还有些海外NGO呼吁要给这类的指南加上“牙齿”。这类关于企业社会责任的指南,是对公司“社会责任”标准的设置;如果给它加上强制执行的“牙齿”,这将不再是“社会责任”,而是法律责任。公司的社会责任,是公司遵守法律基本底线后的更高自我约束和要求。
中:所以倡议、指南本身是没有约束力的,还得靠法律来约束。您刚才提到,针对中国企业的海外环境和社会影响,中国现在只有零星散见于行政法规、部门规章里的相关规定,没有专门的法律,能否具体谈谈,目前中国海外投资都受到哪些监管?
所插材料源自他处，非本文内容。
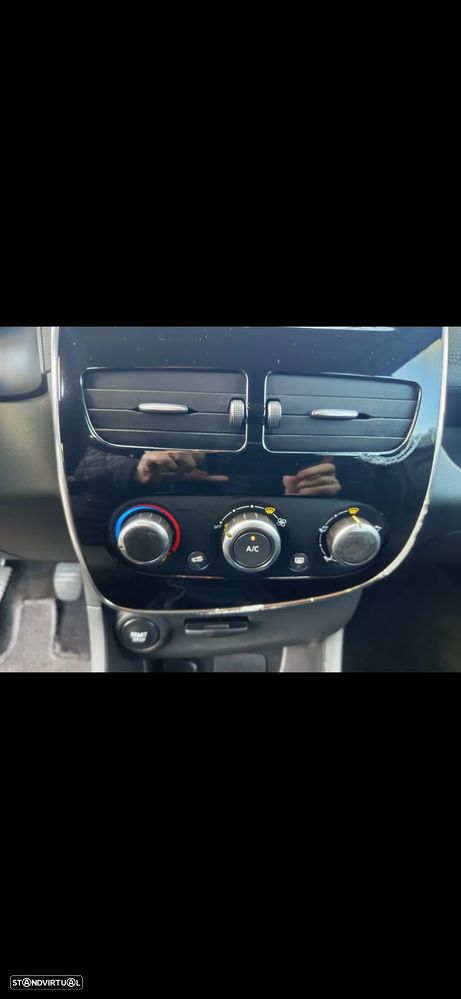 Renault Clio Sport Tourer 0.9 TCE - 18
张:对中国公司来说,在国内的行为是中国的法律来约束他们,国外就要受中国投资东道国(接收国)法律的约束。此外,就要看双边的投资贸易协定。
中国海外投资商务活动在国内阶段是有一定程度的监管的,体现在对资金输出的行政审批环节:公司要拿到商务部的许可之后才能到国家外汇管理局去转款。而中国海外投资东道国的法律,在规范有中国资本参与项目的环境和社会风险上起着主要的作用。
但是对这些投资的海外环境和社会影响,现在的中国政府是持指导而非监管的态度。前面提到的《对外投资合作环境保护指南》等政策文件,大多数条款都使用“鼓励”的字样,即使使用了“应当”的条款,也不对不作为的后果设置法律责任。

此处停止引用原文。